*** EXTRACTED ENTRIES ***
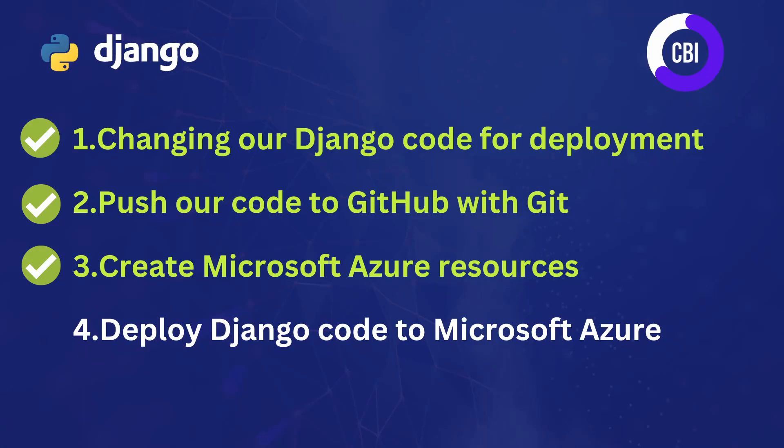Hey everyone, welcome to a new video on the CBI channel. In this tutorial series, we are deploying a Django application on Microsoft Azure. I've already created three videos previous to this one. In the first one, we already changed our Django code for deployment.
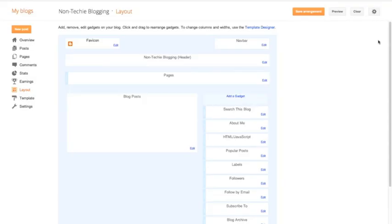Hi everyone. So for this particular video, I thought it would be useful to show you how to add gadgets to your Blogger blog.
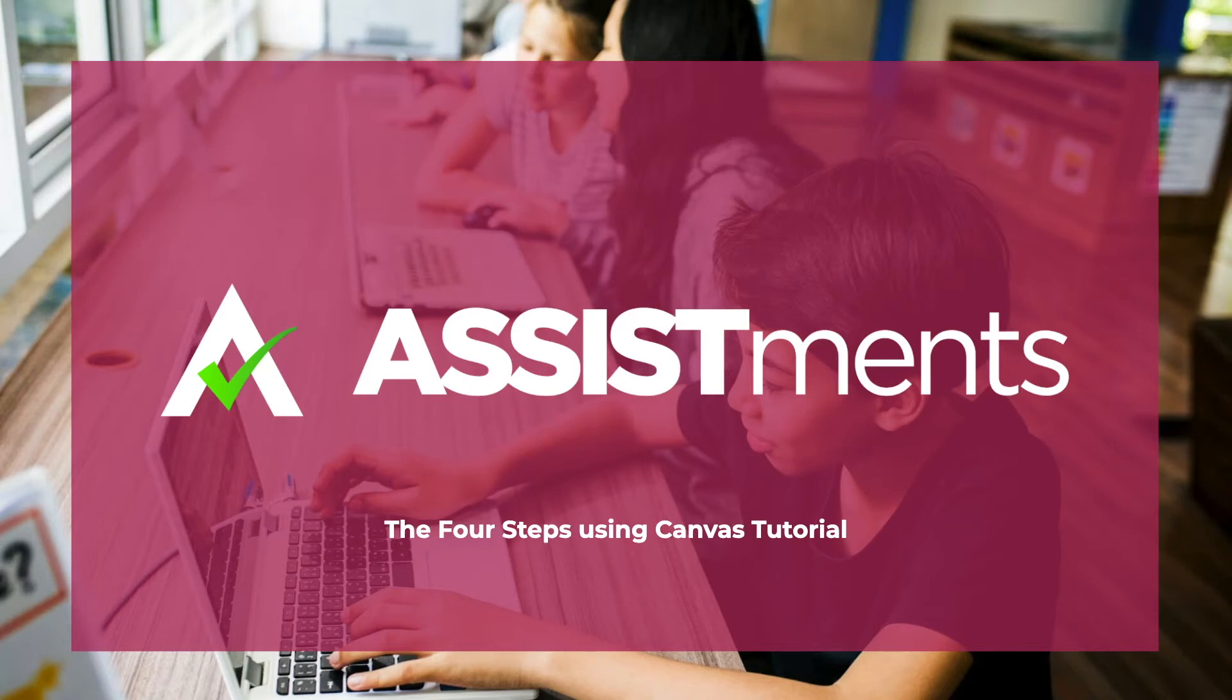In this video, you will see a tutorial on how to implement the four steps of Assistments using Canvas.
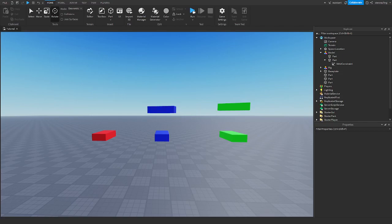Hello everyone and welcome back to another video. Today's video we're going to be talking about weld constraints in Roblox Studio and what they do. So let's get right into it.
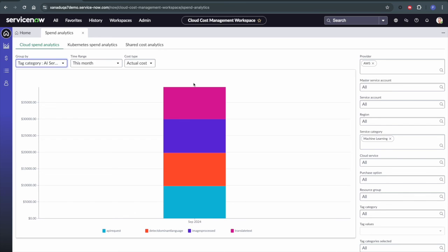And again, this is going to give you granular detail into where your costs are running high across different AI services. And so using these tag categories, we can start visualizing this and we can start leveraging this to control our costs and properly govern our AI strategy.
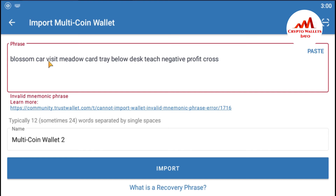Please keep in mind: do not use these mnemonic phrases on your mobile, because these phrases are for demonstration purposes only. I have successfully entered all 12 phrases here. Now I'm going to click on import. If I have correctly written my 12 phrases, then my wallet will be imported.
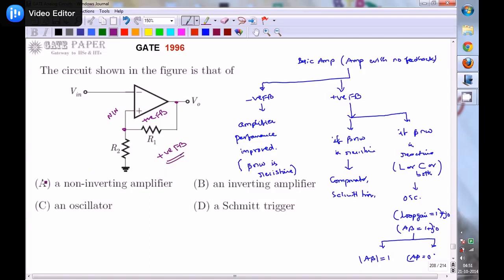Since the circuit has positive feedback, it cannot be an amplifier — so non-inverting amplifier and inverting amplifier are ruled out. Between oscillator and Schmitt trigger: the feedback consists only of R1, which is resistive. Therefore the beta network is resistive with positive feedback, meaning it acts as a Schmitt trigger. There are no reactive components, so it cannot act as an oscillator. The correct answer is Schmitt trigger.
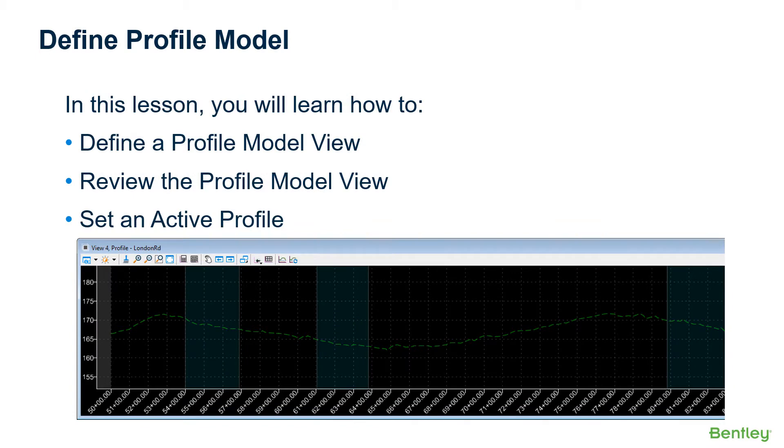Prior to creating vertical geometry, you must first define a profile model view to display the vertical geometry into. A profile model is used to create, edit, and view vertical geometry elements.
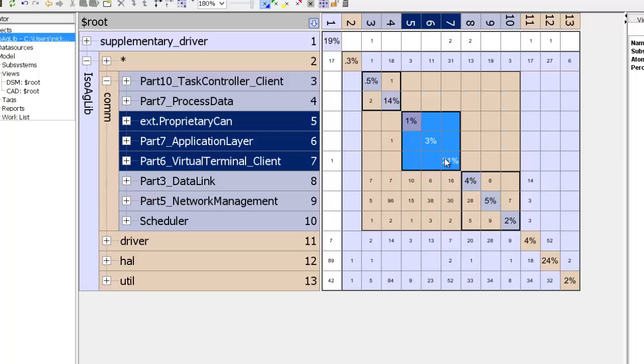For instance, a common example that occurs often in software is a framework which has multiple components sitting on top of it. In future videos we'll see how we can use the DSM analytics to organize and represent the architecture in terms of layers and components.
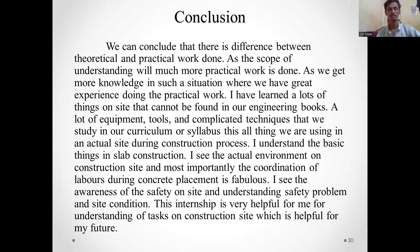In conclusion, there is a significant difference between theoretical and practical knowledge, as the scope of understanding is much greater in practical work. During this internship, I learned a lot of things on site that cannot be found in engineering books — equipment, tools, and complicated techniques studied in our curriculum were actually applied on site. I understood the basics of slab construction, observed the actual environment on a construction site, and witnessed the coordination of laborers during concrete placement. This internship was very helpful for my understanding of construction tasks and for my future career.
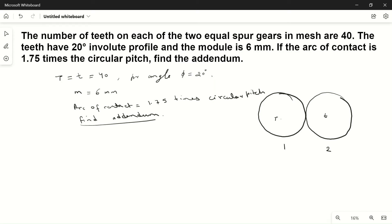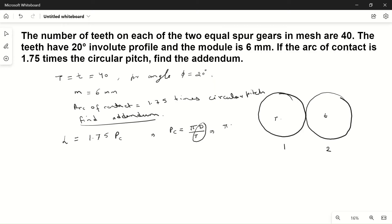We know that both gears are the same size and have the same module, so they will have the same addendum. The length of arc of contact is given as 1.75 times the circular pitch pc. The circular pitch pc equals π times d divided by number of teeth. Since d divided by T is module, pc equals π times m, which is 3.14 times 6, equal to 18.85 mm.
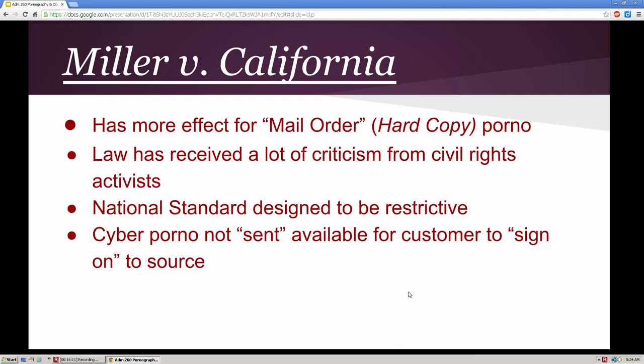The court decided this is a national standard designed to be restrictive, but still left the burden on the states and regional areas to decide what's permissible. Cyber porn is not sent — it's available, it's out there, so the onus is on the person signing on to this material. We can't prosecute the people who develop it because it may come from other countries and our laws don't apply to them. However, if you sign on to child pornography, you are the recipient and you're liable for its possession, use, and content — you're subject to arrest and prosecution.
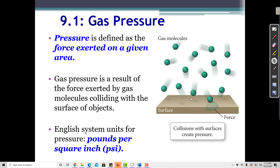Gas pressure is defined as the force exerted on a given area. Gas molecules move in a straight line inside a container until they hit the walls or another gas particle, and when they hit the walls or the surface of a container, they impart a force.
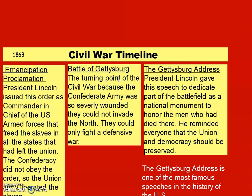The Confederates had been winning, but the Battle of Gettysburg is where it really turned around and the Union started winning more and more.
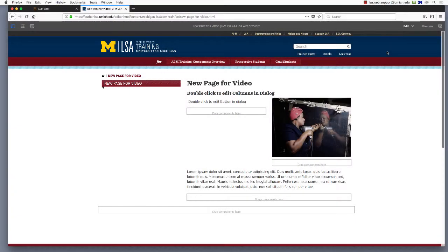In the previous video, we saw how to drag and drop a button component onto a page. Now let's set up the button to serve its intended purpose, which is to create a link on a page. Then we'll see what other ways we can also add links to a page.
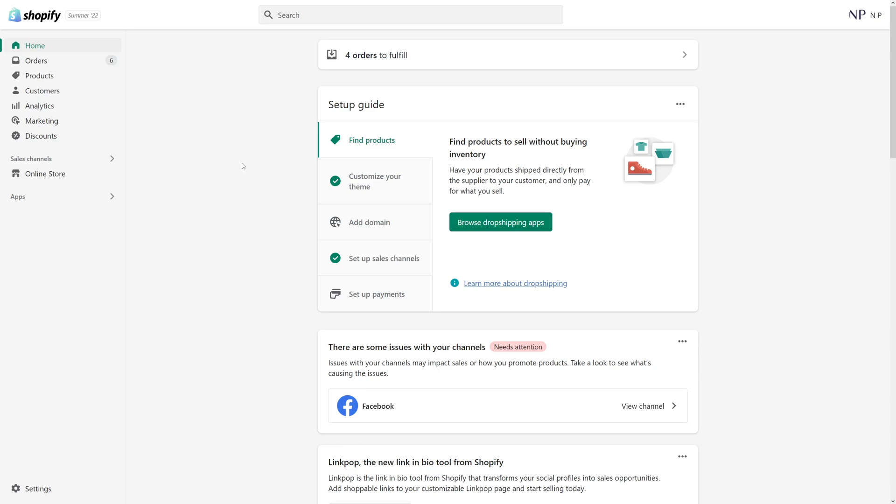In this video I'm going to show you how to delete a Shopify theme from your Shopify store. First of all, you have to be logged into your admin panel, then click on online store.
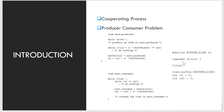Let us look more closely at how the bounded buffer illustrates inter-process communication using shared memory. The shared buffer is implemented as a circular array with two logical pointers, in and out. The variable in points to the next free position in the buffer, and out points to the first full position. The buffer is empty when in equals out, and full when (in + 1) mod buffer size equals out.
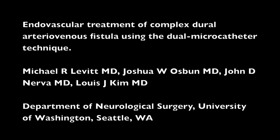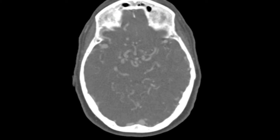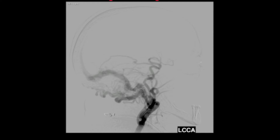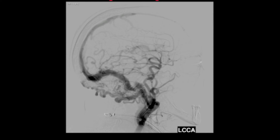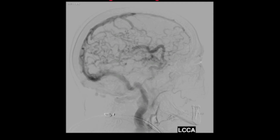This video will discuss the endovascular treatment of a complex dural arterial venous fistula. A 71-year-old woman presented with headaches, and a CTA showed multiple dilated intracranial vessels. Cerebral angiography demonstrates a complex dural arterial venous fistula with multiple feeders from the left internal and external carotid artery.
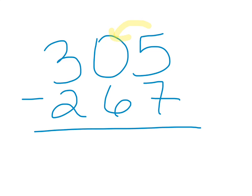The 0 in the tens place has nothing to give, so we would need to go over to our 3, the hundreds place, to get tens. Well, we can still do that, but we're going to do it in a much more efficient manner.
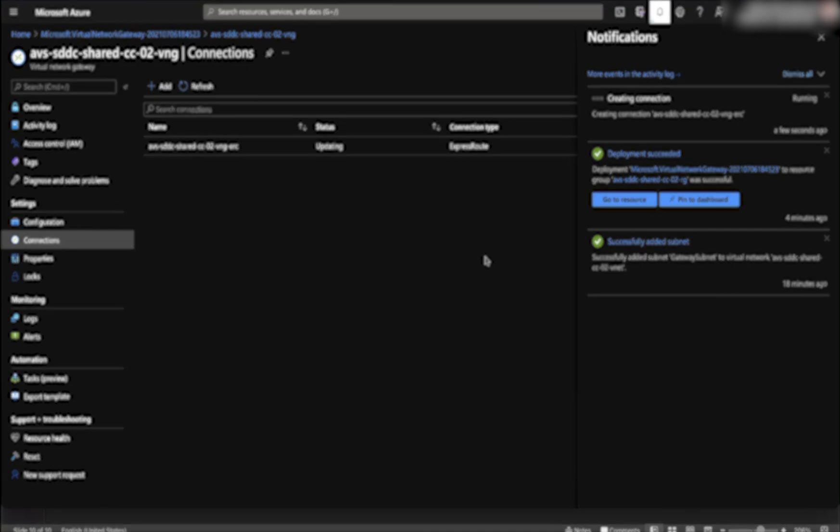That completes our video. Make sure to check out our channel to complete other Azure VMware solution tasks.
*** End of EXTRACTED ENTRIES ***
GOAL OF THE EXERCISE.
Everything from the first line of the listing above through the line that contains "Hello everyone and" is to be restated word for word, minus the pictures.

ANSWER SECTION.
Hey everyone, welcome to a new video on the CBI channel. In this tutorial series, we are deploying a Django application on Microsoft Azure. I've already created three videos previous to this one. In the first one, we already changed our Django code for deployment.
Hi everyone. So for this particular video, I thought it would be useful to show you how to add gadgets to your Blogger blog.
In this video, you will see a tutorial on how to implement the four steps of Assistments using Canvas.
Hello everyone and welcome back to another video. Today's video we're going to be talking about weld constraints in Roblox Studio and what they do. So let's get right into it.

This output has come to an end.